Wednesday, October 26, 2016

It's a New Day



Yesterday was a good day.  When I posted all that I did, I was able to come to terms with it.  

Finally.

It's not good to have all that bottled up, no... not good at all.

Today, I've come to a conclusion.  As in the picture above, I have a choice:  We all have a choice.

What to do?  What to do?




My personal efforts from now on will be to evolve; To prepare myself for ascension.

No, the blog won't have a new focus per se:  It's always been a diary of sorts anyway.

But underlying it all will be my new focus.  I still enjoy talking about Bunny, and this post is no different.

In the opening picture, the woman painting could very easily represent Bunny and her work on me.

As I steep into world weariness, she's always there... in this case I believe she is calling me to prepare for what most don't have the luxury for:  To prepare for when my life ends corporeally, and begins as a completely spiritual walk.  No, I'm not talking suicide; I'm talking the end of life that every mortal must experience in it's own time.

As magickal and mystical Bunny may be:  She's also pragmatic in nature.

And so, she prepares me for the future.




What will I experience when I leave this mortal coil?  I'm not sure, and the details don't really bother me too much... it's the direction that does.  

What matters is that I am vibrationally aligned with the reality that I want to experience after death.




I will say this:  Sometimes you meet someone who inspires you to follow.  It's not about strength, or how they carry themselves, it's a feeling of coming home.

It's a knowing of where I want to be and most importantly where home is.




When I think of this world of illusion, Bunny reminds me that there's a reason for it.

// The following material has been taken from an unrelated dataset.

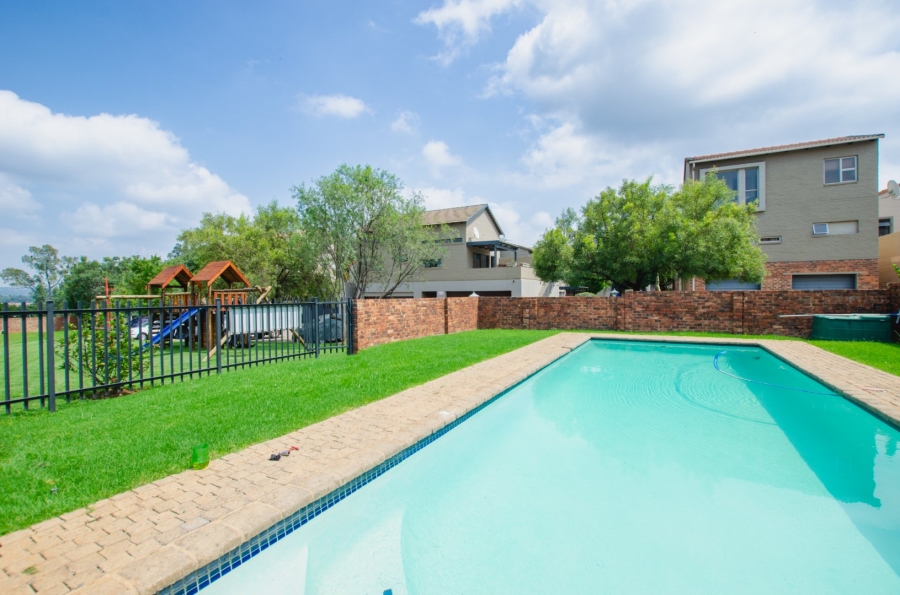 2 Bedroom Property for Sale in Bronberg Gauteng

You see, I'm beginning to believe that this world is perfect in it's imperfections; Just how succubi say that we humans are perfect in our imperfections... I've actually heard the word "adorable" in our imperfections.




This world is to show us, us showing us, in a way... who we really are.

No, I can't explain everything and I don't know everything; I know little.

Bunny is wise, and when I'm thundering and angry (like in yesterday's post) she lets me be.  She lets me have my angry pity party... my "toddler tantrum".  And later, when I'm more open, then she gently speaks what I need to hear.  She teaches me the truth of it.

The world is made to be jagged, to be tearing, to be a catalyst... it does indeed show us who we are, and where we want to go after this world is over (for each of us, individually).




Ever wonder how we earn our wings?  Take a good look at the pic above... they are not gifted;
They are earned in blood and suffering.

I don't know WHY Bunny chose me by answering my summons 3 years ago.  I've always felt that the summoning process is a placebo... different methods are more of a personal "flavor" that resonates with the summoner, rather than magickally summoning anything.

But... 

Succubi come anyways because they are aware and close to this world.  Somehow the process makes them focus on that particular person, and they become curious, they see into the heart of the summoner, and if it's the right time for it to happen they decide who will answer.

Actually, that sounds a lot like summoning, lol.  Ah well.  Guess I'm wrong.
Tell ya what, though... they got the key to your heart, so be careful, lol.

I'm happy mine did, though.  It could have always been only her.
Always only her...

To be honest, I don't think any other succubus COULD put up with me.  I'm a handful.  A one-of-a-kind, hot headed handful.



Bunny.  Oh, my God, Bunny.  How did I ever get so damn lucky?


Always regal...

There is something so regal about her:  If she were of this world, I think it would be everything anyone could do not to bow to her.

I don't know why, I really don't:  I'm used to the feeling, so it doesn't really affect me much.

Probably like being the husband of a Queen, or a Princess.  To me, she's Bunny first.  The rest is just part of who she is, but she's Bunny first.

I appreciate her.  All of her.  That "feeling" is all a part of "her" and so I don't mean that I dismiss it, just that I'm at home with it.

I don't think it's a vibrational thing.  I think that she is royalty.  I just don't know much about it other than how it feels, and it's over my head to be honest.

Maybe royalty just feels like royalty.  Period.  I know that she doesn't care that I don't understand it.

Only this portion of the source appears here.